## Task instructions
From the line containing "Samsung Monitor Odyssey" through the last line of the records below, output every line exactly, both ends included, except the pictures.

**** Records ****

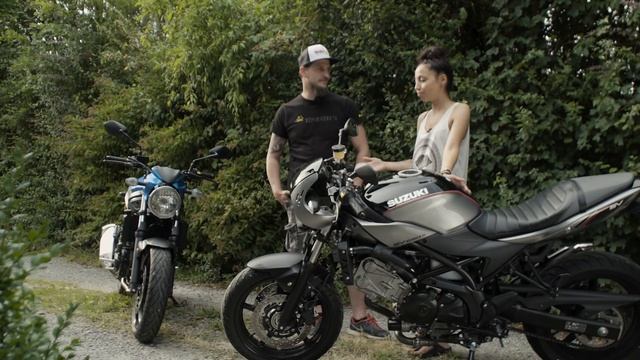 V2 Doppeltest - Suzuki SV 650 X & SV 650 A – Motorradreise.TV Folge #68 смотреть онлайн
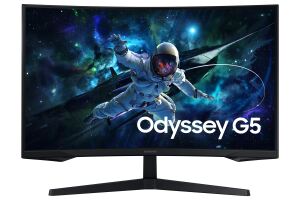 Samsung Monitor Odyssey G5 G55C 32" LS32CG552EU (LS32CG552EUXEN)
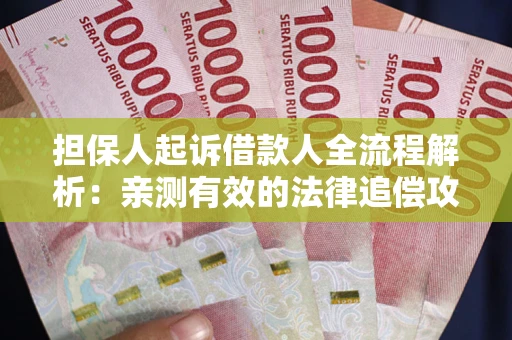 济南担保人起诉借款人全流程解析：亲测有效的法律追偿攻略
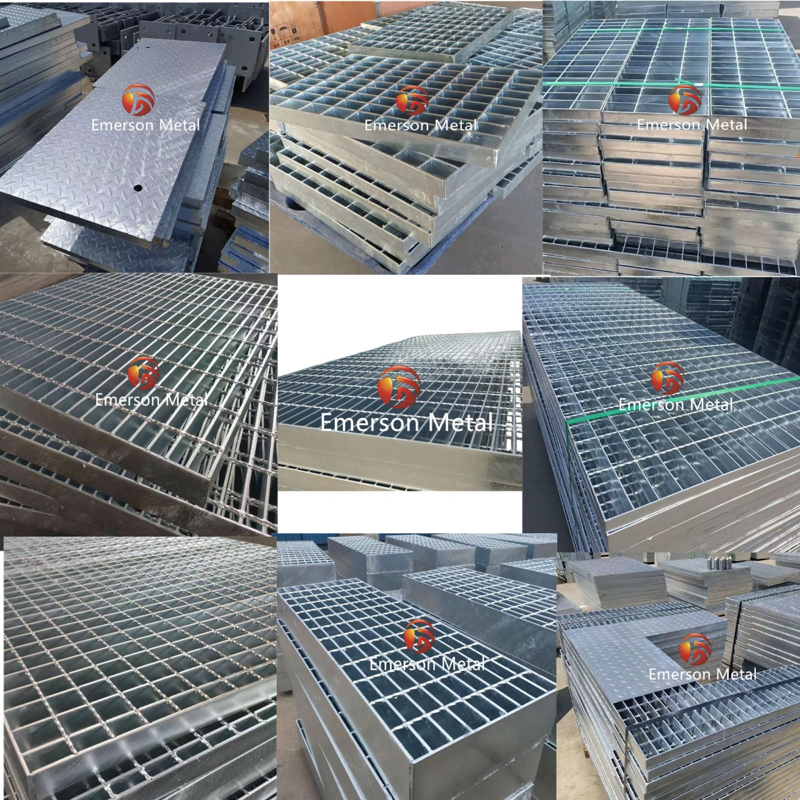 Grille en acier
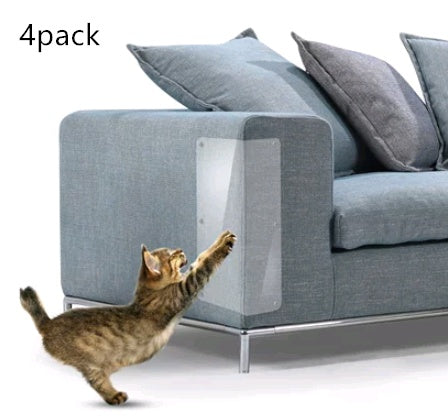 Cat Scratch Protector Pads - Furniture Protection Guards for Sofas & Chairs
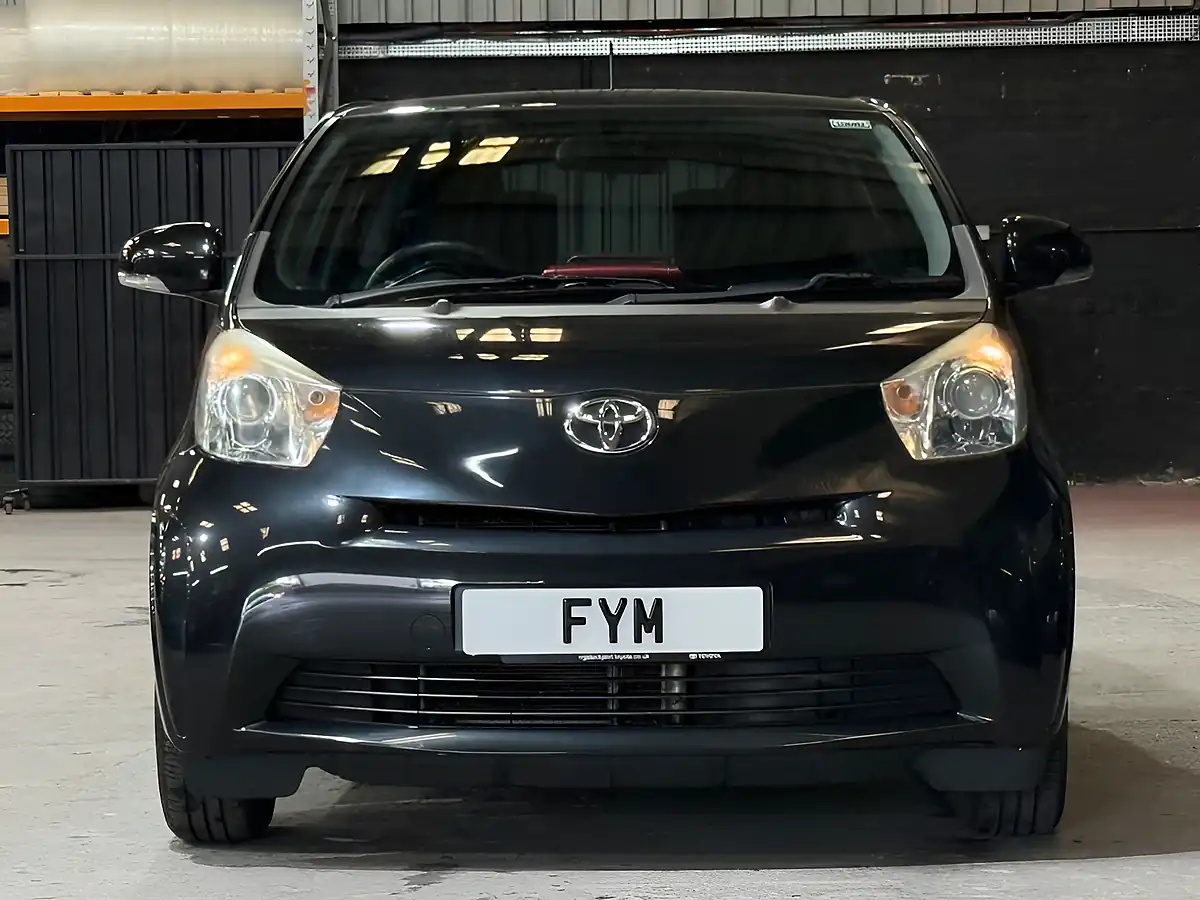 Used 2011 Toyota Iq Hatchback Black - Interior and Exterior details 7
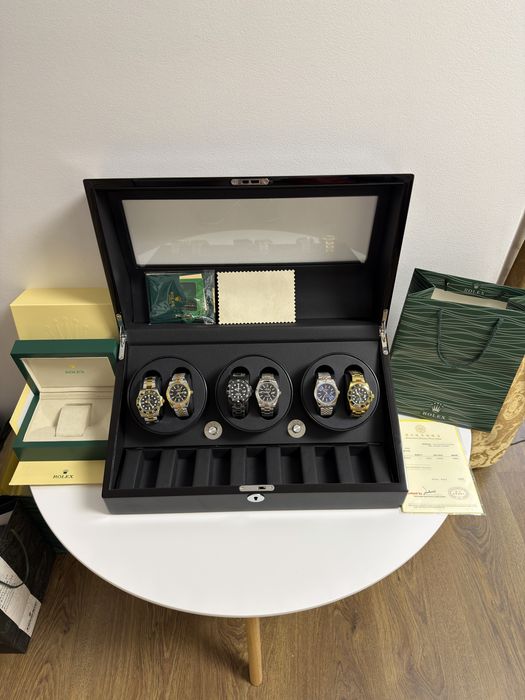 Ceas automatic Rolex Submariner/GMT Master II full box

****

## Reply
 Samsung Monitor Odyssey G5 G55C 32" LS32CG552EU (LS32CG552EUXEN)
 济南担保人起诉借款人全流程解析：亲测有效的法律追偿攻略
 Grille en acier
 Cat Scratch Protector Pads - Furniture Protection Guards for Sofas & Chairs
 Used 2011 Toyota Iq Hatchback Black - Interior and Exterior details 7
 Ceas automatic Rolex Submariner/GMT Master II full box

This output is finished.